More notes on CNE...

I’m not sure what’s up with Venezuelanalysis.com’s weasel tactic of not giving their write-ups by-lines. They just say “by Venezuelanalysis.com” and leave it at that. Hmmm…leaves me unsure...

I’m not sure what’s up with Venezuelanalysis.com’s weasel tactic of not giving their write-ups by-lines. They just say “by Venezuelanalysis.com” and leave it at that. Hmmm…leaves me unsure who to yell at when they write things like this:

Government officials and political groups that support the Chavez administration have made numerous claims of alleged fraud committed by the opposition in the signature collection process to call for a recall referendum on President Chavez. 2.5 million valid signatures are required to trigger the recall. The opposition officially claims they collected 3.4 million.
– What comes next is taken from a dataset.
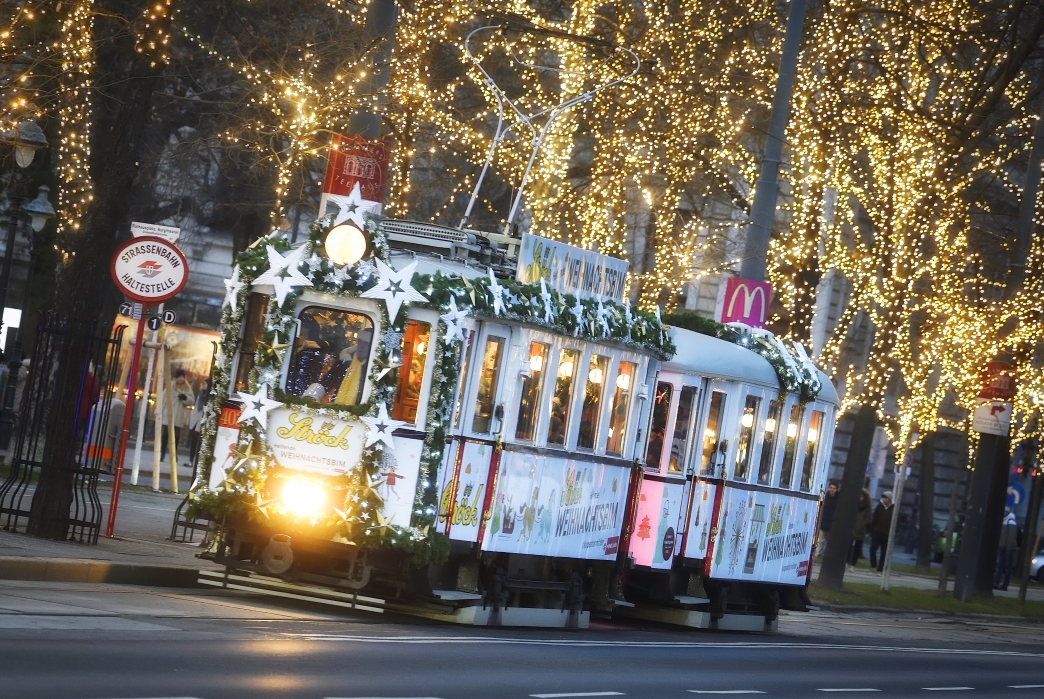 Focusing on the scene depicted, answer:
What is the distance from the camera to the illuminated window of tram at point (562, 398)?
16406 millimetres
However, opposition political figures have privately commented that only 1.9 were collected.

Hmmm…ok, so if you’re willing to use the illegally obtained, unconfirmed and unsubstantiated Escovar Salom 1.9 million figure, how is it that you’re not citing the internal MVR report leaked to El Universal where they admit they think the opposition handed in just over 3 million signatures? The line between newswriting and propagandizing gets real thin on some of these things…
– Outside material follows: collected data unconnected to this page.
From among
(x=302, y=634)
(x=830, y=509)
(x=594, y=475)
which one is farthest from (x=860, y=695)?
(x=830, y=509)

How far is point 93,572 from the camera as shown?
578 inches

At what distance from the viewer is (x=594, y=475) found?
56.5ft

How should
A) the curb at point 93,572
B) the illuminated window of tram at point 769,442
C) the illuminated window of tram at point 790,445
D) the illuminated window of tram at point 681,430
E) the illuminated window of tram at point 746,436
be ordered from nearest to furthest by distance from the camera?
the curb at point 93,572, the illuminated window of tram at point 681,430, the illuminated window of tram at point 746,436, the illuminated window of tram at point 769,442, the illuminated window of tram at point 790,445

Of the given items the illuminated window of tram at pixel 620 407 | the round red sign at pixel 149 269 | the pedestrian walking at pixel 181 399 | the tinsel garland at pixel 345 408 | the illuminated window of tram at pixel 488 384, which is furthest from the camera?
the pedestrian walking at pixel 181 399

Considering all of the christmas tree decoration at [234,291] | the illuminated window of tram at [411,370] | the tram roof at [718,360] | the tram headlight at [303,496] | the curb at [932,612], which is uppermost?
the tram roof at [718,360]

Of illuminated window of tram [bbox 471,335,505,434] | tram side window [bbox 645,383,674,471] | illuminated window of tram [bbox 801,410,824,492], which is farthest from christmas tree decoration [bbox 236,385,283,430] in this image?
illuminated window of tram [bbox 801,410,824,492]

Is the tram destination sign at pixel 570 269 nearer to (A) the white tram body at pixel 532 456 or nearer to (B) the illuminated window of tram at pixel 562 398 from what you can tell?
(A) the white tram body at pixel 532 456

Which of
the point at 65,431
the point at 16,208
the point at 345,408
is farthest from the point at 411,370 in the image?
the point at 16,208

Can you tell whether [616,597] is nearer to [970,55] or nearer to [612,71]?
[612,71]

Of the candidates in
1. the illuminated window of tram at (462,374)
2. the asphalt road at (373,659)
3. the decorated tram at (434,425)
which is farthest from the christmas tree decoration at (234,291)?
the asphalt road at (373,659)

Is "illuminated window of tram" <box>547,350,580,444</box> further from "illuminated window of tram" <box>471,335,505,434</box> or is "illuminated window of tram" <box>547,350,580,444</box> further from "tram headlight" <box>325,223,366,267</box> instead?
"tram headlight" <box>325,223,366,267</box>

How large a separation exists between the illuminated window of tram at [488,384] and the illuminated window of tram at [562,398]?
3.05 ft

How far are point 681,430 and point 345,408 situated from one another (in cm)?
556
More importantly, why don’t you guys spend some staff resources fleshing out exactly how the megafraude happened? As Cesar Miguel Rondon insightfully points out, the government’s strategy in this regard seems to be mostly to scream itself hoarse repeating the word “megafraude! megafraude!” without ever giving a detailed explanation of the actual mechanics of the fraud, of how the megafraude actually happened. Who signed illegally? When, where and how? We want details, not slogans!

I understand MVR handed in a report on the matter to CNE, but I haven’t seen any of the details yet. And many of the charges made in Tarek’s little presentation make little sense: if foreigners, children, or dead people signed, or if people signed more than once, that’ll be automatically weeded out by cross-checking the signatures against the Electoral Registry database anyway! So really, the question is what part of the megafraud was done in a way that it can’t be caught by the checks already planned?

The only candidate I can think of is massive, gigantic scale identity fraud. The government would need to prove that between 600,000 and 1,000,000 people got fake cedulas to go sign. The only way to catch this would be through the fingerprint – basically, at least one in five signatures would have to be shown not to correspond to the fingerprint it sits next to.

Which brings us to this whole fingerprint hubbub. We really need to be clear about it: 40% of the fingerprints are uncheckable. They got smudged because CNE, under pressure from the government, chose to print the forms on Central Bank safety paper that was never designed to take fingerprints. Still, you can work with the other 60%, I suppose.

People in the council are talking about testing a “representative and exhaustive statistical sample” of fingerprints, which reads like a contradiction in terms to me: it’s either representative or exhaustive. Still, if they get working on it now, I suppose you can do it. What kind of sample size would you need to get a sufficiently small margin of error, to determine conclusively whether 20% or more of the signatures are a result of identity theft? Couple of thousand? How long would that take to do? It does sound doable, at first blush.

But on this subject, at least, I do understand the opposition’s skittishness. Who’s to say the government won’t lean on the “exhaustive” part more than on the “representative” part and say they test 150,000 fingerprints? Kooky, yes, but this is Venezuela we’re talking about!

For my part, I still think we need to rally around CNE – no use poking holes in the only life-raft we’ve got. One thing I know for sure: Carter Center/OAS has much more access, expertise, and credibility than I do.

I am not prepared to write against CNE until they do.